YÖK’le birlikte yabancı dille, yeni bilim alanlarında en iyi biçimde yetiştirdiklerimizi hızla kaybetmeye başladık. Birincilerin tümünü kapsayan, varış yerinde başarısı yüksek olan bu beyin göçü, gençlerin önceliği oldu. Ülkemiz ikincilerle yetinmek zorunda kaldı. Son yirmi yıl içinde bu göçü durdurmaya yönelik bir müjde Cumhurbaşkanı Erdoğan’dan gelmedi.

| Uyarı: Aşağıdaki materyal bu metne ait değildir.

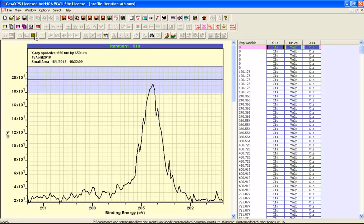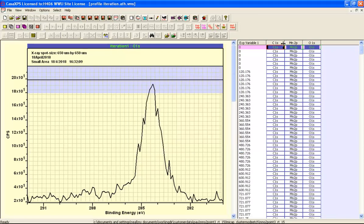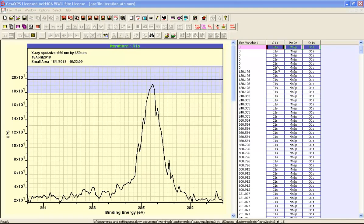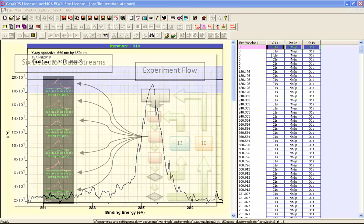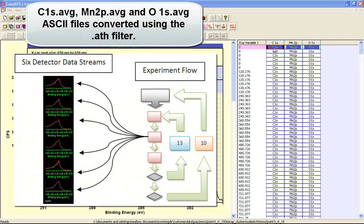You can see the new VAMAS file within the existing directory. This was created from these AVG files and then opened in CasaXPS. And these data are now organized so that we can see the structure of the experiment. So we have the six detector channels here.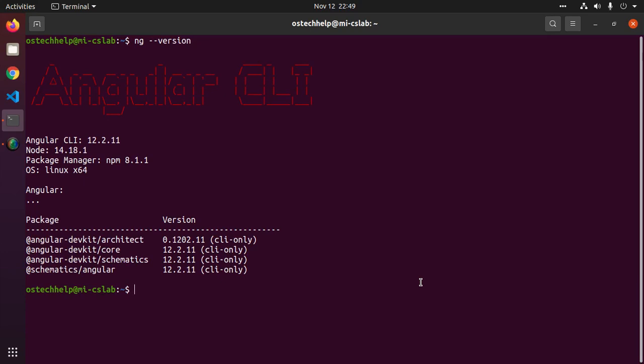In this video, I will show how to uninstall Angular CLI completely. Let's start by opening CMD or terminal.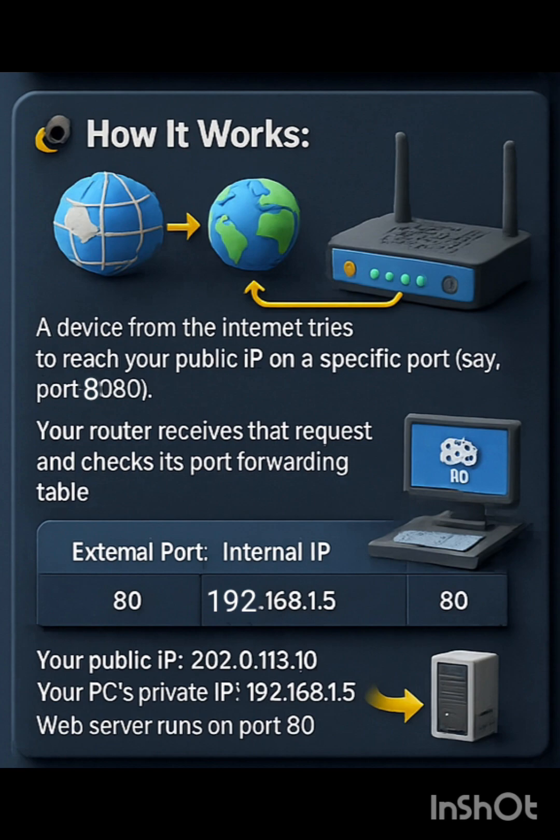Your router receives that request and checks its port forwarding table. Then the router sends the traffic to the appropriate internal private IP address and port.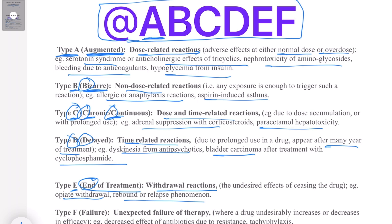Type F reactions are remembered as 'Failure' of therapy. These reactions occur because of failure of the therapy. For example, when a drug is used over time, its efficacy might decrease — such as decreased antibiotic effect due to resistance. In some drugs, after repeated dosing, the medicine may start to become less effective, which is known as tachyphylaxis.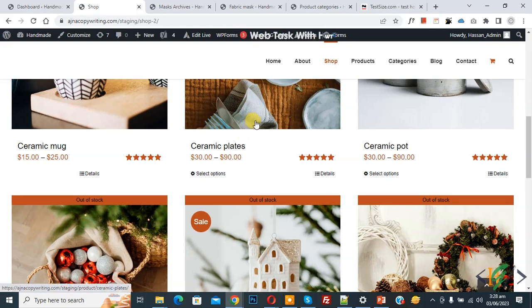Bismillahirrahmanirrahim. Assalamualaikum, my name is Asan and today we are going to remove product prices from the shop page, category page, tag page, and single product page in WooCommerce WordPress.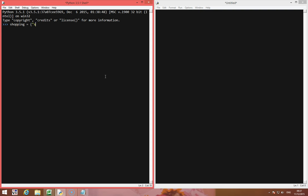So here's an example. I'm going to have a shopping list and I'm going to have apple in here, and apple is going to return four, because I've got four apples in my shopping list. I'm going to have an orange, and I'm going to have two oranges in here. If I type in shopping, it returns everything.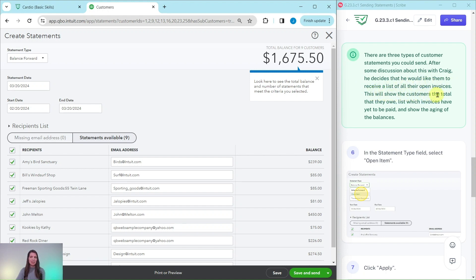This will show the customers the total that they owe, list which invoices have yet to be paid, and show the aging of the balances.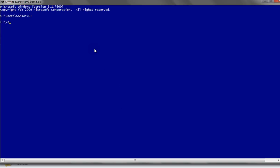To hide the folder, we will write: attrib +s +h +r. Here 'attrib' indicates the attribute command; '+s' indicates it will mark the file as a system file; '+h' indicates it will hide the file; and '+r' means it will give read-only access to the file or folder. Now we will pass our folder name, which is 'gams'.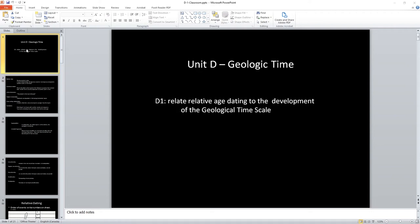All right, time for the Geology 12 Unit D test review. Here we go. Lots of stuff to get through, actually. We'll start with the first part of the unit, geologic time.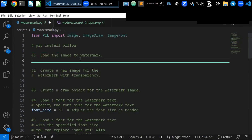In this short video, I will show you how to watermark images with text. I will also show you how to adjust the font, font size, text color, and transparency of your watermark. Let's get started.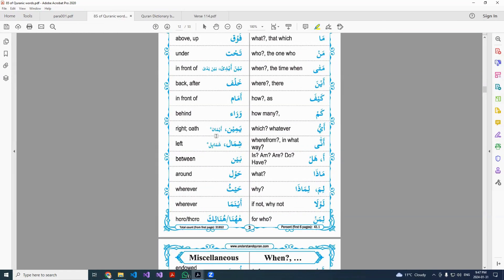Shamal or shamail means left. Bayna means between. Hawl means around. Haysu means wherever. Aynama also means wherever. Ha huna means here, and hunalika means there.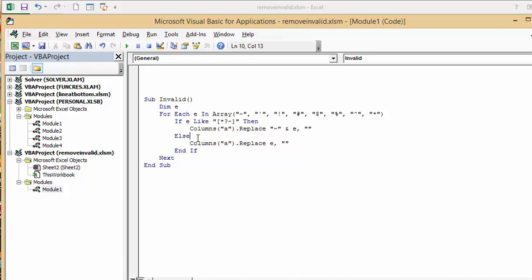And else if column a, replace e with nothing. And then we go, and if.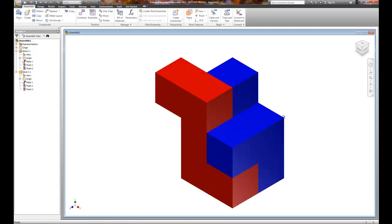So at this point we now have created our assembly. Our next video is going to take this and take it to the drawing portion, so what the steps are after this that you're going to need to create.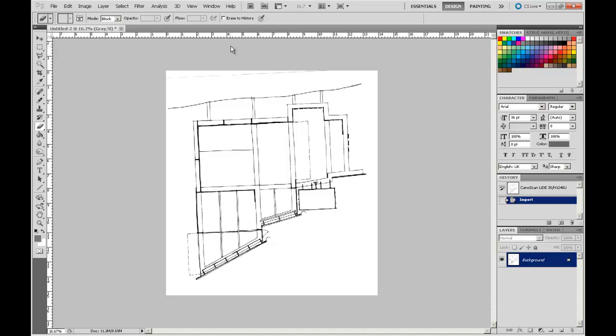Hopefully you have found that useful. We will be going through cleaning up and saving this image in a subsequent video, so stick around and we will go through that.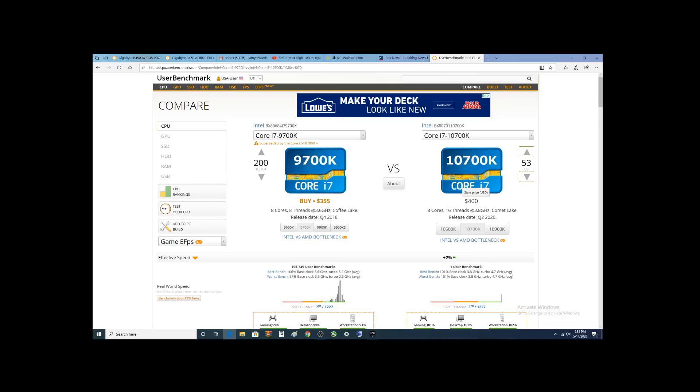You can see the 10900K, $529, of course it's out of stock. The i5-10400 is $194, and that is really all for the 10th generation, so not a lot of selection.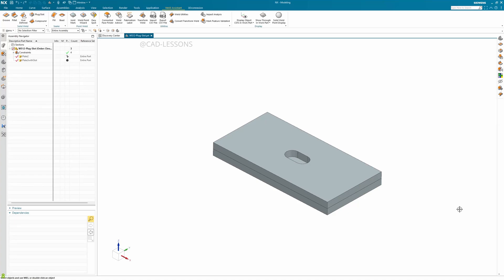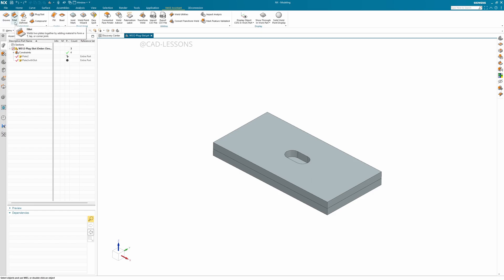Hey guys, welcome back to my YouTube channel CAD Lessons. Today I'll show you how to do a plug slot weld. Normally in weld assistant in NX, we do most of our welds in groove or fillet weld.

Yoksulluğu bizden yaklaşık 200 yıl önce yaşayan İngiltere’de hem fakirlerin evlenmesine hem de çocuk sahibi olmalarına set çekildi. Daha anlamlısı bu ailelere verilen yardımlar öncesindeki söylem “İyi bir Hıristiyan iseniz, çalışınız! Bu yardımları almamaya gayret ediniz!” biçiminde olmuştu. Bizde yapılan ise çok iyi bir kayıt sistemiyle yoksul aileler oluşturulmuş, bunların yoksulluk düzeyinde yaşamlarını sürdürmelerine dini söylemle katkıda bulunma sürdürülmüştü. Üretim olmadan, yoksulluk çukurundan bu ailelerin nasıl çıkacağı hiç tartışılmamıştı.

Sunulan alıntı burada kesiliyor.